PM: The decision not to address any of the larger issues was absolutely intentional. I wanted to capture his experience, step by step – from his first night with a prostitute in his hotel room, which absolutely fulfilled his fantasy, to his visiting a sleazy brothel in Queens, which offers him a peek behind the curtains, as it were, and begins to shatter his dream. When he meets the woman who has just had a child…well that shatters it even further. Yet the final scene of the film sees Jones semi-leering at a Japanese woman on the AirTrain. Has he learned anything? Is he cured, or isn’t he?
AG: Shattered illusions is also at the core of God’s Land, which follows a group of people who give up their homeland, their jobs, and in some cases their families to follow this spiritual leader. It’s similar to Jones, in that both films feature characters who are, perhaps, seeking solace and comfort in the wrong places.
PM: Some of my favorite books and films are those that are detailed character studies. Mike Leigh’s Naked is a perfect example. The entire film is a psychological portrait of Johnny, and it explores all facets of his personality. That both my films feature characters chasing dreams is coincidental, but then again aren’t we all chasing some sort of dream?
AG: Yes, wish fulfillment is a common cinema trope, yet your themes are sex and religion – trickier subjects for sure.

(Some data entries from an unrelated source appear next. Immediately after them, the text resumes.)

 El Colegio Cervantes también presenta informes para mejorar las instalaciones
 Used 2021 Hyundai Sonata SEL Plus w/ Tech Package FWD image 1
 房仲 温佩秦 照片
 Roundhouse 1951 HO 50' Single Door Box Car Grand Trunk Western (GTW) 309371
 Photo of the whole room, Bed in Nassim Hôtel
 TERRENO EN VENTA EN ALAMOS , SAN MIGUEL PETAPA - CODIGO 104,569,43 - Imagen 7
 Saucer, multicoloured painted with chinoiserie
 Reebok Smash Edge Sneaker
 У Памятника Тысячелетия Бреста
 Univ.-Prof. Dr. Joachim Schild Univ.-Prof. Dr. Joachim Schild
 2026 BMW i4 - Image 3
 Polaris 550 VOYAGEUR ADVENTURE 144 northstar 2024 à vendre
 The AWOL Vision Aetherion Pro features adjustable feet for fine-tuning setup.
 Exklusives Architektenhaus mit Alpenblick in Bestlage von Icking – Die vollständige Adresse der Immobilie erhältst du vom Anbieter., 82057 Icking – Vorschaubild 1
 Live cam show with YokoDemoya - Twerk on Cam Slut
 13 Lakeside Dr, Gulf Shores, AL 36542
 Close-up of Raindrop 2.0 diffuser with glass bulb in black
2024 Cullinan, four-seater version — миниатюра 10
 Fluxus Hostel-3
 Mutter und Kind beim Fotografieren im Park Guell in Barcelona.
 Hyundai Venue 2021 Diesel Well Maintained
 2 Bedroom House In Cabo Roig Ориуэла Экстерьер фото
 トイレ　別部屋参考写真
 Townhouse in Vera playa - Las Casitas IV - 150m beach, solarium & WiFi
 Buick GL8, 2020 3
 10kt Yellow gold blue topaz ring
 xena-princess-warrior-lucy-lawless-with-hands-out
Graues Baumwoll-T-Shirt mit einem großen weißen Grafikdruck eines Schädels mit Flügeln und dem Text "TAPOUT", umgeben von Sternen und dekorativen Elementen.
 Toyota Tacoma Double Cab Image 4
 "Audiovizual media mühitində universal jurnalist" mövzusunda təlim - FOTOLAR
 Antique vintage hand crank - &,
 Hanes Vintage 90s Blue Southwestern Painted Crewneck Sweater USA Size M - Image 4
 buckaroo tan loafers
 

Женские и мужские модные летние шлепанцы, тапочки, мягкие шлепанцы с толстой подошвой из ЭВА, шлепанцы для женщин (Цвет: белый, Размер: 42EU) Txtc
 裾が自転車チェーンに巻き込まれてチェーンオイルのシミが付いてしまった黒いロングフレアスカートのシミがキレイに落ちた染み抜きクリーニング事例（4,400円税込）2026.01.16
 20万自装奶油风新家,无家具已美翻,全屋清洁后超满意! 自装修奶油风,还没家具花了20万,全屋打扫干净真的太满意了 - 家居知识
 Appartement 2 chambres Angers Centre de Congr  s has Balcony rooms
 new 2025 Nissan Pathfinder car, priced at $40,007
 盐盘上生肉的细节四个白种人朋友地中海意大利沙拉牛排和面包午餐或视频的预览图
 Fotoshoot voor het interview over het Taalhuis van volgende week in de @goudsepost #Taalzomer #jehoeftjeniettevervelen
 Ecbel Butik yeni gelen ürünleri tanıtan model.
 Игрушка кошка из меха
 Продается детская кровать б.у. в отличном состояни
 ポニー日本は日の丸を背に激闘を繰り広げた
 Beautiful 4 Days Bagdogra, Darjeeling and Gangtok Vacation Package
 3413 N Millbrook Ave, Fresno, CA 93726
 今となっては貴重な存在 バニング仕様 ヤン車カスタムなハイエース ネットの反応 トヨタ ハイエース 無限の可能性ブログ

And much like Mike Leigh did with Johnny in Naked, you remain nonjudgmental towards your characters.
PM: I could be judgmental towards them, and am so in real life, but my goal is to take a “warts-and-all” approach – focusing not on the obvious good or the bad, but the complicated grey area in between.
AG: You’re clearly a fan of the long take. Can you talk a bit about that?
PM: When I was writing God’s Land, I was very much under the spell of the new Taiwanese cinema of the 1990s – Hou Hsiao-hsien, Tsai Ming-liang and Edward Yang – filmmakers who all make use of the long take. Given that my characters are from Taiwan, I thought it might be interesting to shoot the film in the style of those filmmakers. Jim Jarmusch was also an influence. I’ve always been drawn to the long take because I enjoy watching a wide frame and all the action that goes on within it. As a director I like working with my actors on how to use the space, and operate within it, for I feel their relationship with the space helps define their characters – how they move, interact with objects, etc.
AG: And there’s a lot of attention paid to both foreground and background composition and movement.
PM: Yes, I love meditating on an image, and taking it all in, which is why my editing isn’t terribly fast. A perfect example is a scene in Jones that in fact was a a happy accident – Jones is falling asleep at his camera because he drank too much the night before, and in the window next door, there’s a woman doing a spazz-out dance. I caught it in the frame, but it wasn’t planned at all. I love the end result.
AG: So where do you go from here? What comes after a nearly 3-hour exploration of faith?
PM: I wrote a script that I’m hoping to raise funding for – a romantic comedy, but shot in the same style as God’s Land. Oh, and it’s set in the Indian-American milieu.
Andrew Grant film critic, distributor, festival programer, and producer of the upcoming documentary Cause of Death: Unknown.